Хотя автобус трясло на ухабах, я задремал, убаюканный журчанием мотора и текучей говорней соседей. Мне снились две косички на встрепанной голове, большущие серые глаза, маленькая рука – теплая, но липкая, как лягушка. Мы идем на кукурузное поле по пыльной дороге: я собран, деловит и сам себе нравлюсь. Она рядом, я почти не дышу, мне щекотно в спине и под желудком. Я не знаю, что это за чувство: мне мучительно стыдно и интересно. Хочется нагрубить, дернуть побольней за руку, чтобы это прошло, но я не решаюсь – она очень слабенькая и доверчиво смотрит на меня. Я говорю ей: «Танька, тебе нельзя на поле. Там мыши. Ты боишься мышей?» Она молча кивает, и мы пробираемся внутрь, раздвигая гигантские, полные соков зеленые стебли. Пахнет землей и молодыми початками. В небе висит жаворонок, похожий на приклеенную к синему потолку картинку. Я иду вперед.
Тут автобус жестко тряхнуло, и я ударился о стекло. Боль и смятение быстро прошли, уступив место другому, более мощному и властному чувству. Ее звали Таня. О Господи, вот оно что! Марик опять мне соврал – он не мог не знать имя той девочки. Он просто не хотел мне говорить, что она теперь жена Ивана, а я не узнал в этой усталой, иссушенной раньше времени женщине свою детскую любовь. Когда холод осознания сошел, мне подумалось, что все к лучшему. Но дорого бы я дал, чтобы взглянуть на нее новым взглядом, сквозь очки памяти. Будь счастлива, милая девочка, со своим калмыковатым расхитителем церковной собственности!
Спать расхотелось, на горизонте выросли трубы города, которые протыкали серое небо насквозь. Дождь усилился, и я с ужасом подумал, что среди кучи вещей у меня нет самой нужной – зонта. Пока дойду до дома, вымокну к чертям собачьим. Пакетом прикрыться? Натянуть на голову чемодан?

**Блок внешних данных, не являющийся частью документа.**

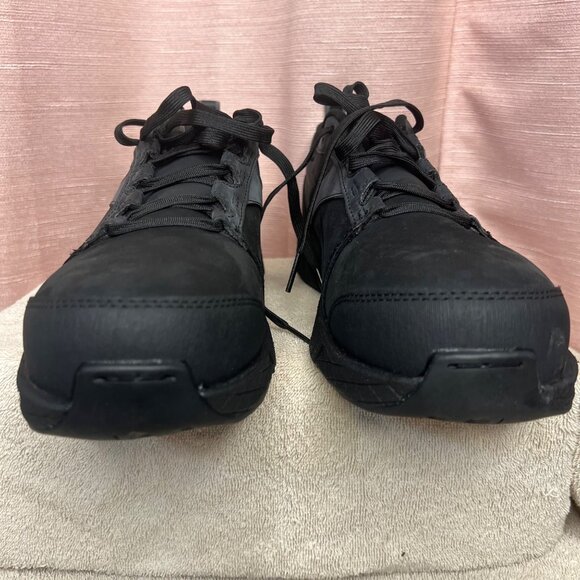 Reebok Mens Fusion Formidable Athletic Work Shoes Size 8 Black RB4300 ASTM F2413 - Picture 8 of 16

Вокзал, пассажиры жмутся под единственным козырьком, шмыгают зонты, наталкиваясь друг на друга. Выхожу последним, волоку чемодан. Мне не тяжело, но от неудобной позы затекла рука, и сейчас внутри нее тысяча иголок прострачивает мышцы. Десантируюсь в лужу – автобус встал неудачно. Поднимаю глаза: под зонтом в рубашке с коротким рукавом стоит, слегка ежась, Марик.
-- С приездом! – говорит он, пуская меня под зонт.
Я не хочу показывать, что удивлен, хотя я удивлен. Все слова склеились, и комковатая речь не проталкивается сквозь рот, застревает. Наконец я говорю:
-- Спасибо!
Я вежливый человек.
-- Ну, тогда пойдем?
Мы вместе прыгаем по лужам в сторону остановки.
Мне кажется, что я вернулся в Эммаус.